• _SOURCE MATERIAL_
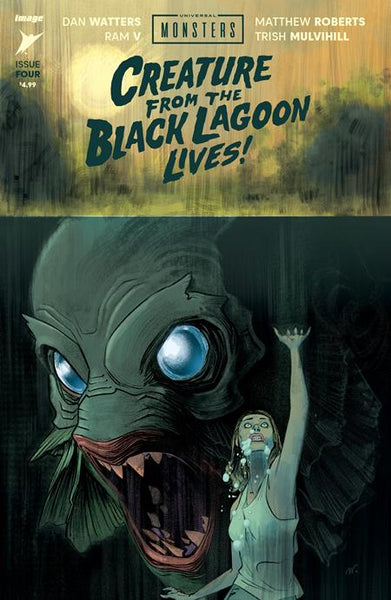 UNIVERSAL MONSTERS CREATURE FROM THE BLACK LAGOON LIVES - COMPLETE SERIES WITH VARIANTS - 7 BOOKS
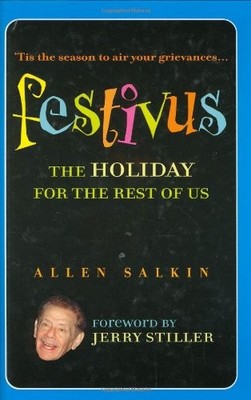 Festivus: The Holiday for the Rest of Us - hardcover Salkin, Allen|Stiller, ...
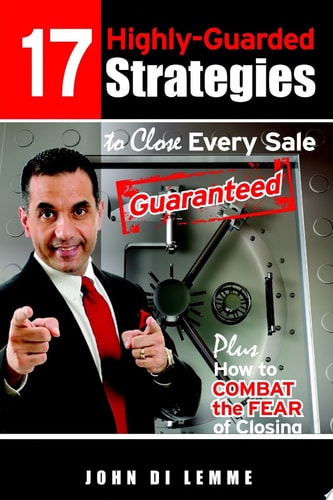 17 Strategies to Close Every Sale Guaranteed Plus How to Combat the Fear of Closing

* * *

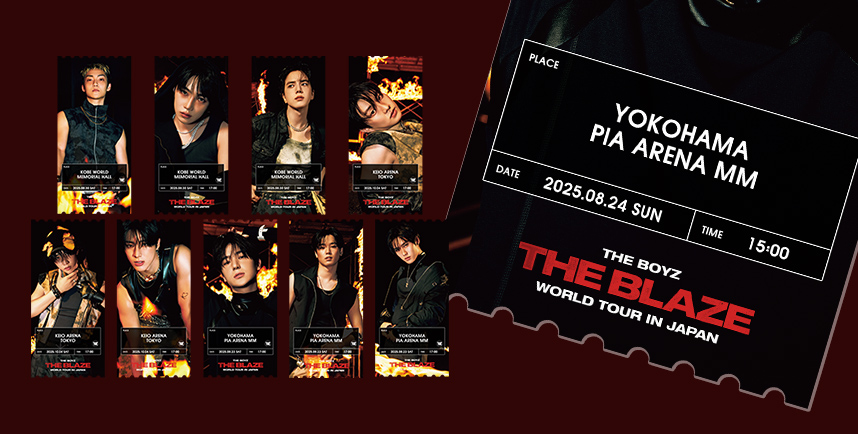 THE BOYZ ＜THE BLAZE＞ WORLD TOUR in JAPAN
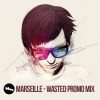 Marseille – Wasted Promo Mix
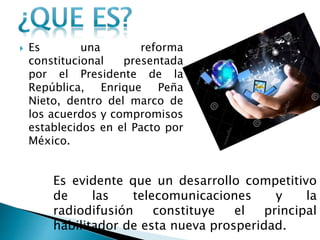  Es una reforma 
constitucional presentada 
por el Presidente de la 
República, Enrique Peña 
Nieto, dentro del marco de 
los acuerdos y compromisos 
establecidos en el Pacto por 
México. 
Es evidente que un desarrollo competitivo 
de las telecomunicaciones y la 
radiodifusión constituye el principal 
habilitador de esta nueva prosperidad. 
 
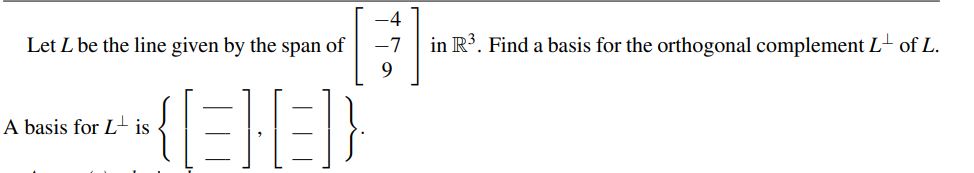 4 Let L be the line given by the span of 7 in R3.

• _WHAT THE EXERCISE ASKS_
Would you please repeat only the lines above, beginning at the one that has "de las telecomunicaciones y la" and stopping after the one that has "4 Let L be the", exactly and with no pictures?

• _SOLVED PROBLEM_
de las telecomunicaciones y la 
radiodifusión constituye el principal 
habilitador de esta nueva prosperidad. 
 
 4 Let L be the line given by the span of 7 in R3.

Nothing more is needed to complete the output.